The article highlights a set of ideas that are currently refocusing attention on notions of home and the 'geography of our lives'. New localism and environmentalism are both identified as key to this recent re-engagement with place. Bunting goes on to reinterpret home and belonging as 'ongoing projects', the continuous result of a 'shared commitment' and not an allegiance to an unchanging common identity or homeland.

The article's argument is one that would surely be embraced by many a geographer. As Bunting correctly implies, the relations between place and identity are precarious and multifaceted. Places certainly have a significant part to play in making us who we are. However, it is not so much the case that we are in a simple sense determined by any one place, for example the place of our birth, but rather that each place we pass through on life's journey leaves its indelible mark upon us. I am particularly fond of the work of Proust, because it constantly reminds us that our identity is, in a sense, a never completed project. I would argue that it is no less a mistake to reify place, to treat it as something finalised and concrete. Places, like people, have many sides to them.
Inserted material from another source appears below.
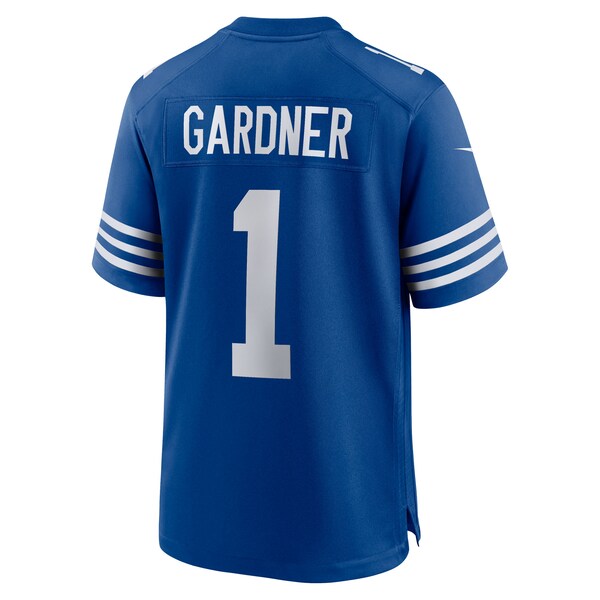 Ahmad Sauce Gardner Indianapolis Colts Nike Alternate Game Jersey - Royal - Image 3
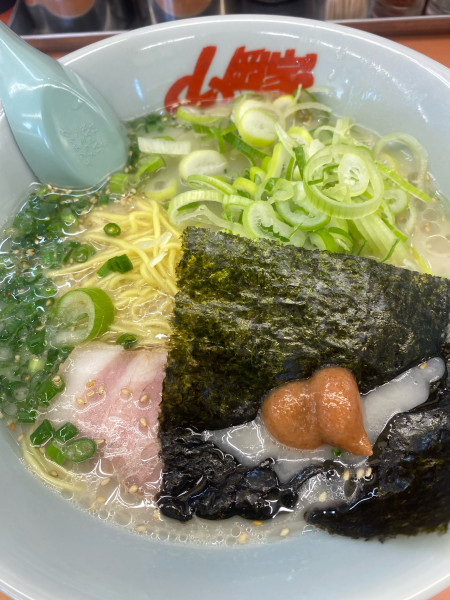 「朝ラーメン」@ラーメン山岡家 相模原店の写真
As well as, in part, making us who we are, the places in which we live, work and tarry also have a bearing on who we will be. A child born into a placeless world would be sorely impoverished by such a dire circumstance. Places are part of the inheritance we pass on to future generations, yet as many a writer has noted, we have been busy in recent decades creating a world without places, or at the very least a world in which all places seem alike. I believe that asserting the importance of place, far from betraying an underlying conservatism, is to assert the future of possibility. Places are where the future germinates, where possibilities emerge. Jeff Malpas, a philosopher who has enquired extensively into our relationship with place, articulates this view very succinctly when he writes,
"the idea of place does not so much bring a certain politics with it, as define the very frame within which the political itself must be located." (Malpas, 1999)
This is spot on. Indeed, it is to put the horse back before the political cart.

Malpas, J. (1999) Place and Experience: A Philosophical Topography. Cambridge: Cambridge University Press.